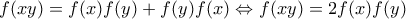 f(xy)=f(x)f(y)+f(y)f(x)\Leftrightarrow f(xy)=2f(x)f(y)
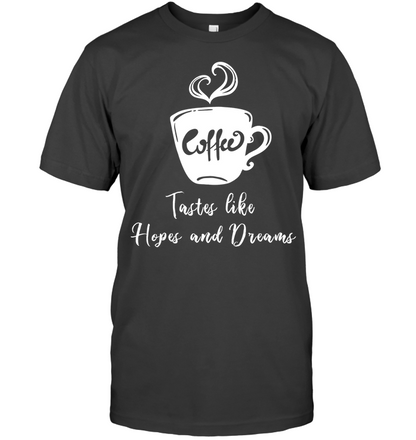 Coffee Tastes Like Hopes And Dreams Shirt Unisex Short Sleeve Classic Tee Charcoal Heather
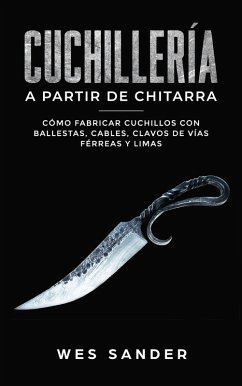 Bladesmithing; Cuchillería a partir de chatarra: Cómo fabricar cuchillos con ballestas, cables, clavos de vías férreas y limas (eBook, ePUB) - Sander, Wes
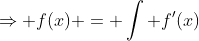 \Rightarrow f(x) = \int f'(x)~dx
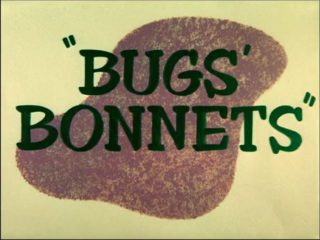 Bugs’ Bonnets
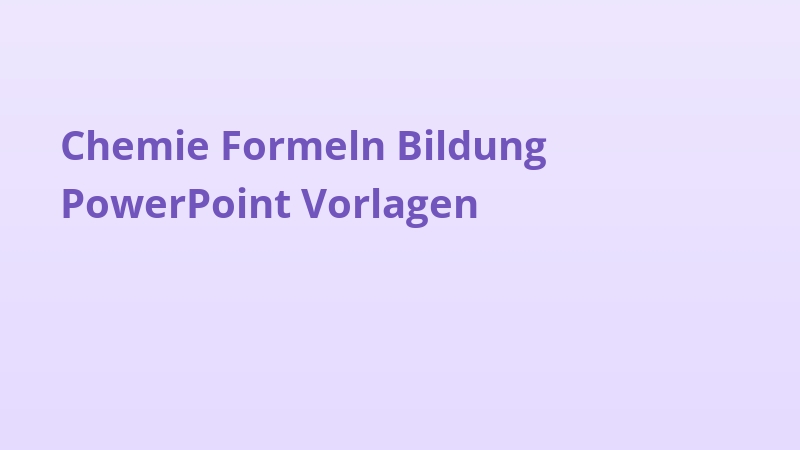 Chemie Formeln Bildung PowerPoint Vorlagen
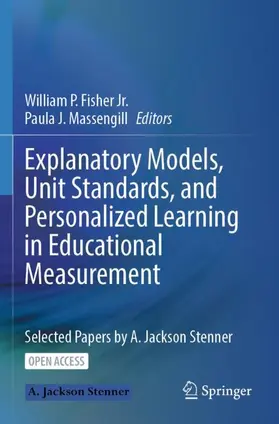Fisher Jr. / Massengill |  Explanatory Models, Unit Standards, and Personalized Learning in Educational Measurement | Buch |  Sack Fachmedien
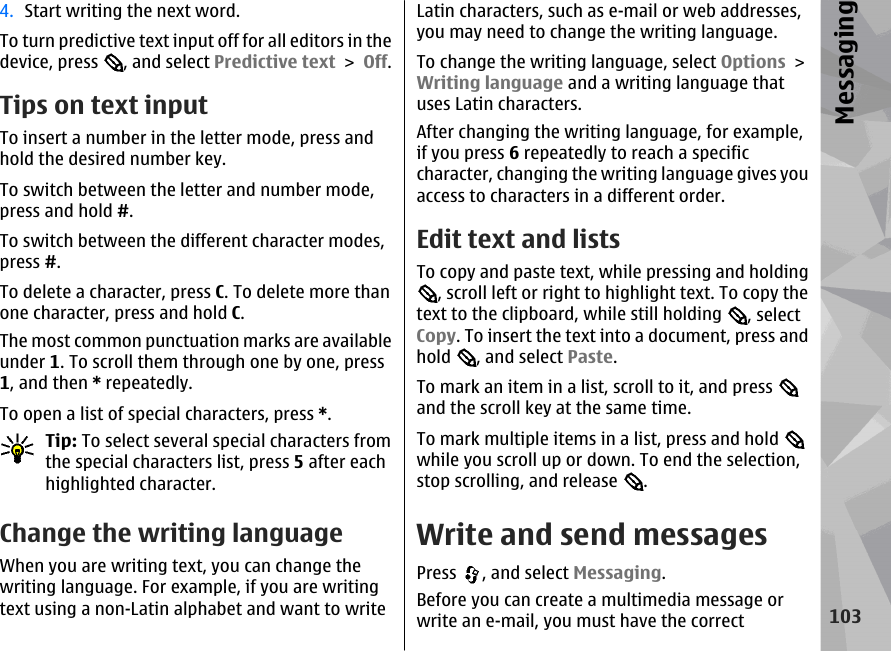 4. Start writing the next word.To turn predictive text input off for all editors in thedevice, press  , and select Predictive text &gt; Off.Tips on text inputTo insert a number in the letter mode, press andhold the desired number key.To switch between the letter and number mode,press and hold #.To switch between the different character modes,press #.To delete a character, press C. To delete more thanone character, press and hold C.The most common punctuation marks are availableunder 1. To scroll them through one by one, press1, and then * repeatedly.To open a list of special characters, press *.Tip: To select several special characters fromthe special characters list, press 5 after eachhighlighted character.Change the writing languageWhen you are writing text, you can change thewriting language. For example, if you are writingtext using a non-Latin alphabet and want to writeLatin characters, such as e-mail or web addresses,you may need to change the writing language.To change the writing language, select Options &gt;Writing language and a writing language thatuses Latin characters.After changing the writing language, for example,if you press 6 repeatedly to reach a specificcharacter, changing the writing language gives youaccess to characters in a different order.Edit text and listsTo copy and paste text, while pressing and holding, scroll left or right to highlight text. To copy thetext to the clipboard, while still holding  , selectCopy. To insert the text into a document, press andhold  , and select Paste.To mark an item in a list, scroll to it, and press and the scroll key at the same time.To mark multiple items in a list, press and hold while you scroll up or down. To end the selection,stop scrolling, and release  .Write and send messagesPress  , and select Messaging.Before you can create a multimedia message orwrite an e-mail, you must have the correct103Messaging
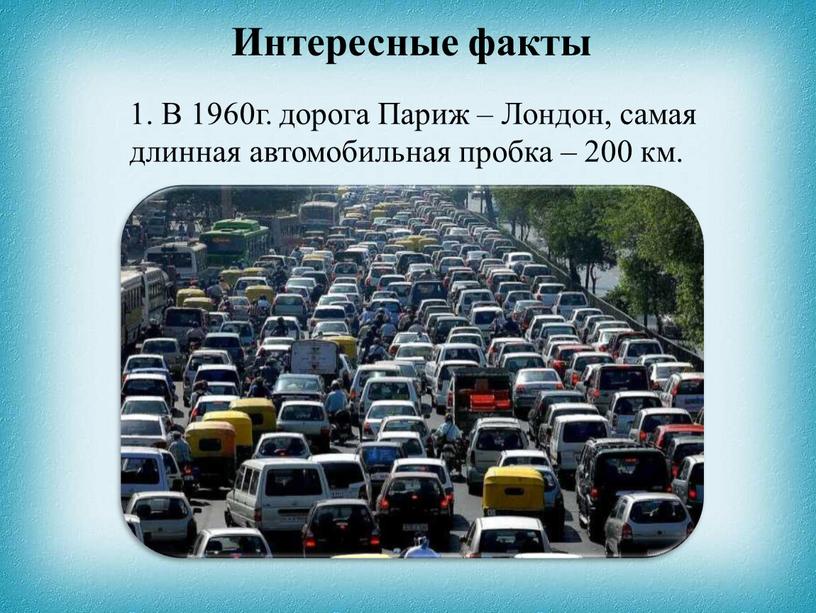 В 1960г. дорога Париж – Лондон, самая длинная автомобильная пробка – 200 км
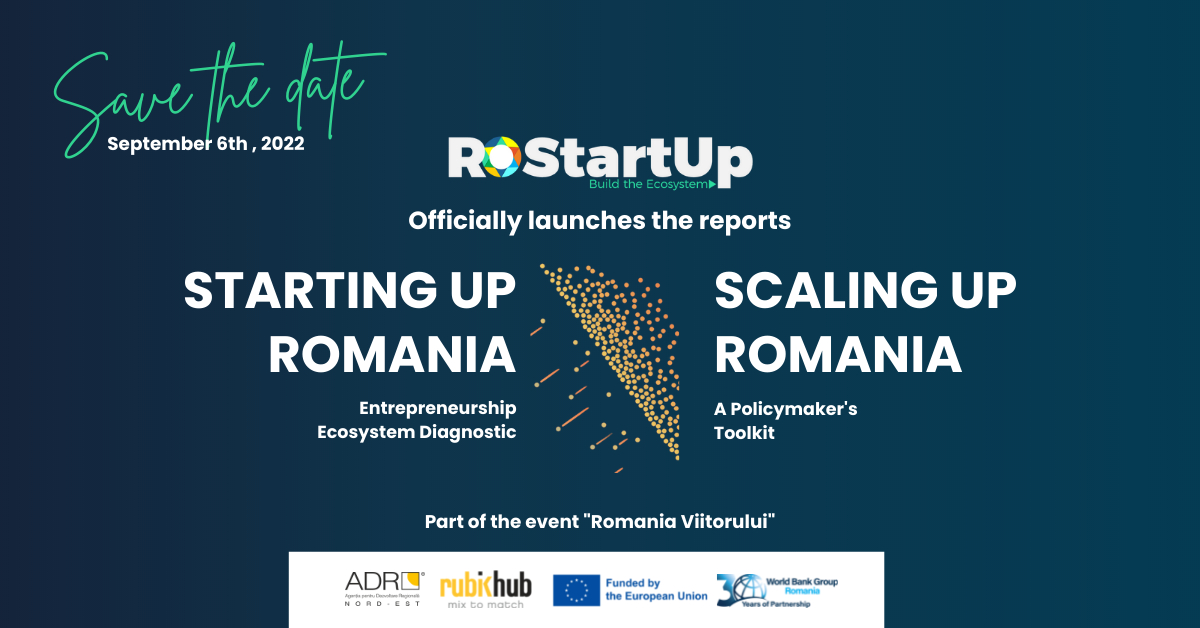 Starting Up și Scaling Up Romania: rapoarte ROStartup ce pun ecosistemul antreprenorial românesc sub lupă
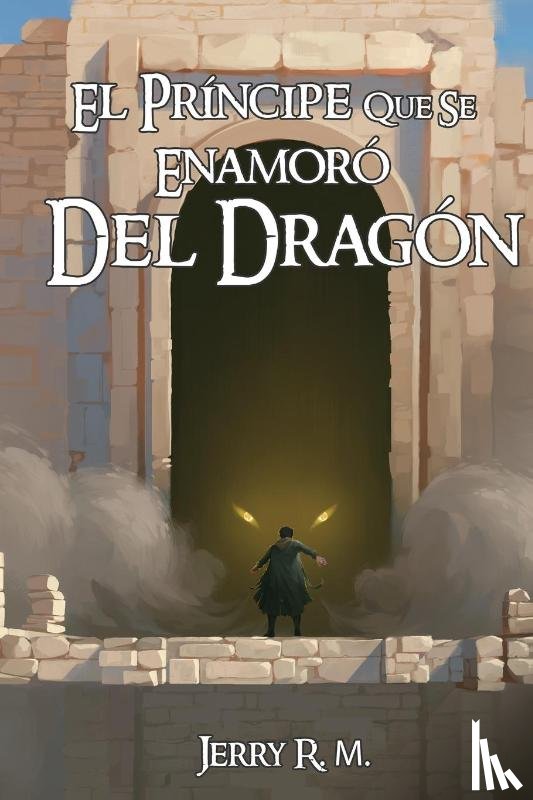 R. M., Jerry - El Principe que se Enamoro del Dragon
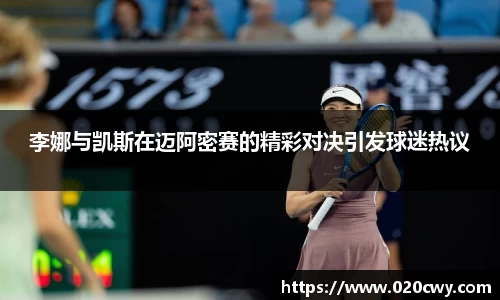 李娜与凯斯在迈阿密赛的精彩对决引发球迷热议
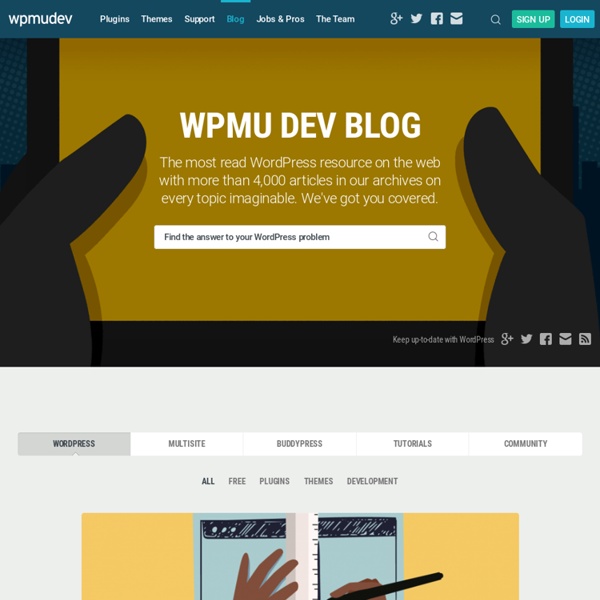 WPMU DEV's premiere WordPress blog - WPMU.org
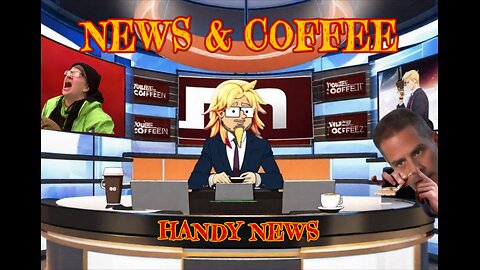 NEWS & COFFEE WITH HANDY- CORRUPTION, DEMOCRAT POLICIES, CROCKETT'S LOW ENERGY PRESS BUST, & MORE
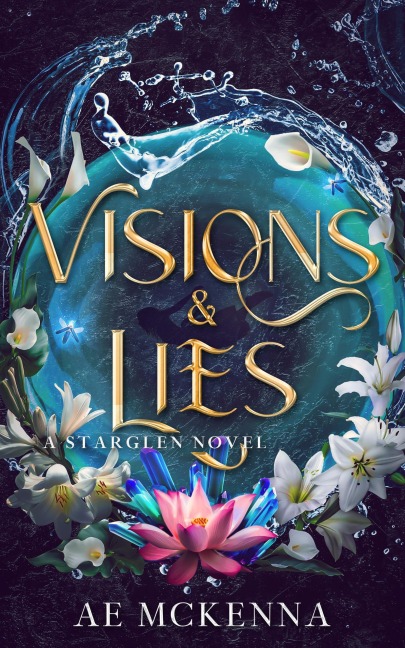Visions & Lies (Starglen City) - Ae McKenna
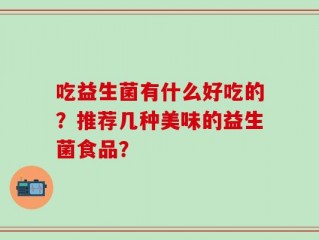 吃益生菌有什么好吃的？推荐几种美味的益生菌食品？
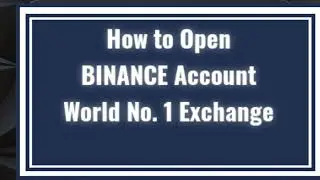 How to open Binance Account world No. 1 Crypto Exchange
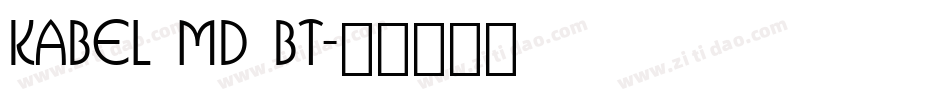 Kabel Md BT字体转换
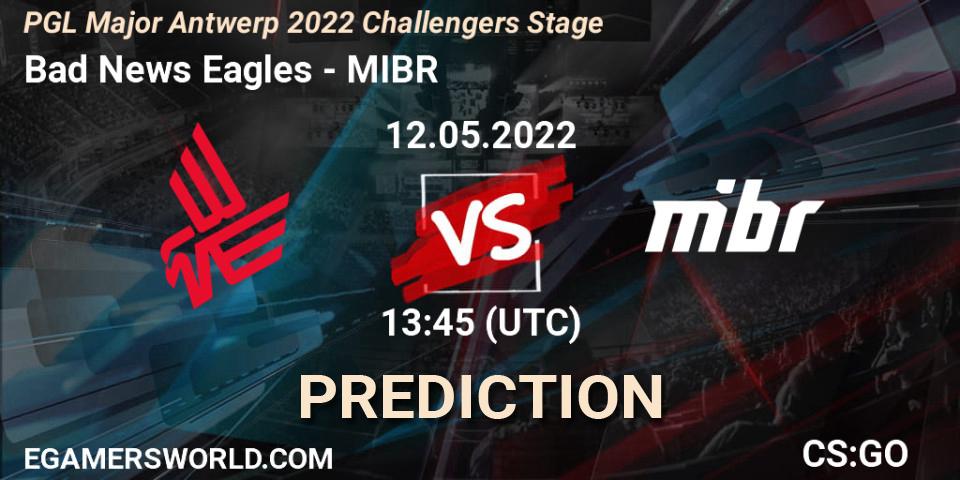 Bad News Eagles vs MIBR: Match Prediction. 12.05.2022 at 12:55, Counter-Strike (CS2), PGL Major Antwerp 2022 Challengers Stage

.....

■ Description of the task
Set down, exactly as written above, each line from the one with "Bladesmithing; Cuchillería a" through the one with "Fisher Jr. /", and skip the pictures.

■ Problem solution
 Bladesmithing; Cuchillería a partir de chatarra: Cómo fabricar cuchillos con ballestas, cables, clavos de vías férreas y limas (eBook, ePUB) - Sander, Wes
 \Rightarrow f(x) = \int f'(x)~dx
 Bugs’ Bonnets
 Chemie Formeln Bildung PowerPoint Vorlagen
Fisher Jr. / Massengill |  Explanatory Models, Unit Standards, and Personalized Learning in Educational Measurement | Buch |  Sack Fachmedien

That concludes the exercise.